It can get a little spendy to get set up with all that stuff but not near as spendy as a new Hoyt with all the crap you gotta hang on it to make it shoot. The main thing I have a hard time coming up with these days is the TIME you gotta put into building all that stuff. I work a bunch of hours in my taxidermy shop and have a bunch of other stuff to divide my time as well, so finding time to build bows and arrows is a luxury. AP has all the time in the world to dink off. He's usually under his first horse by 5 in the morning and done with seven shoe jobs and 4 trims by noon. Then he sashays to the bank with a grand in his pocket and after lunch has the rest of the day to do what ever he wants. Man I wish I was still a Farrier... :mrgreen:


----------



## longbow (Mar 31, 2009)

Wow Tex-o-Bob, Those are some fine arrows. You've got some talent there. I hope you get one of them bloody this fall.


----------



## longbow (Mar 31, 2009)

These are old arrows and they've been shot a lot but I was so proud of myself I just had to post them. They're definately not as fine work as TEX-O-BOB's but I have no creative abilities either. I have a bunch of footed shafts I made a long time ago, a box of turkey feathers and some paint. I think I got the bug to make up another dozen arrows.


----------



## TEX-O-BOB (Sep 12, 2007)

Those are way cool dude! Footed arrow shafting is one thing I've never tried. I've got the Purple Heart wood and the jig to do it with but have never carried out the deed. Hell, I've even got a bunch of barred turkey feathers I died purple just for the occasion. One of these days when I get some spare time... :lol: :roll:


----------



## Rock Pile (Jul 15, 2008)

Looks like those feathers could use a good steam job-------but nice anyway.


----------



## longbow (Mar 31, 2009)

I know they need something.

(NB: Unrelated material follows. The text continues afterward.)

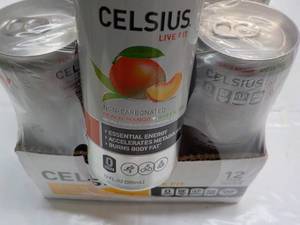 lot 90 image: 12 pack Celsius 12 oz Peach Mango G...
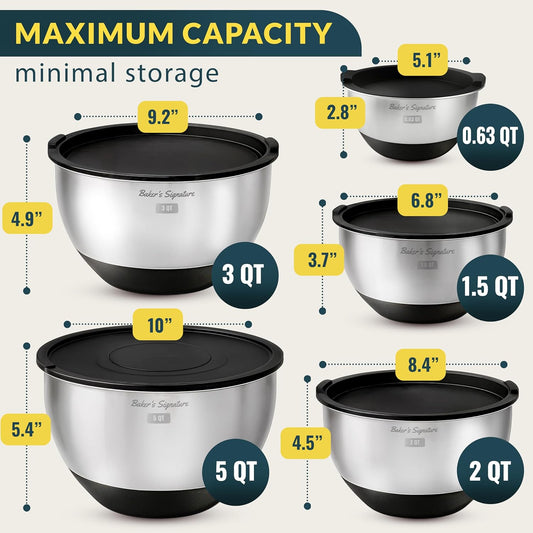 Baker's Signature Stainless Steel Mixing Bowls with Lids Set, 5 Sizes, 3 Graters, Non-Slip Base, Airtight Lids, Metal Mixing Bowls for Kitchen, Food Prep, Storage, 0.63QT-5QT, Black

They're pretty ragged for sure. These arrows have been shot a lot and I can't get the quills to marry back together. I think TEX-O-BOB got me thinking about whipping up a new batch. I just need to get off my duff and do it now.


----------



## TEX-O-BOB (Sep 12, 2007)

-~|- Hyaa Mule!


----------



## Anaconda Pintler (Oct 29, 2007)

I been known to foot a few!!! buwahaha what is your flavor, purple heart and cedar combo or my favorite osage and walnut? I likey the latter!!


----------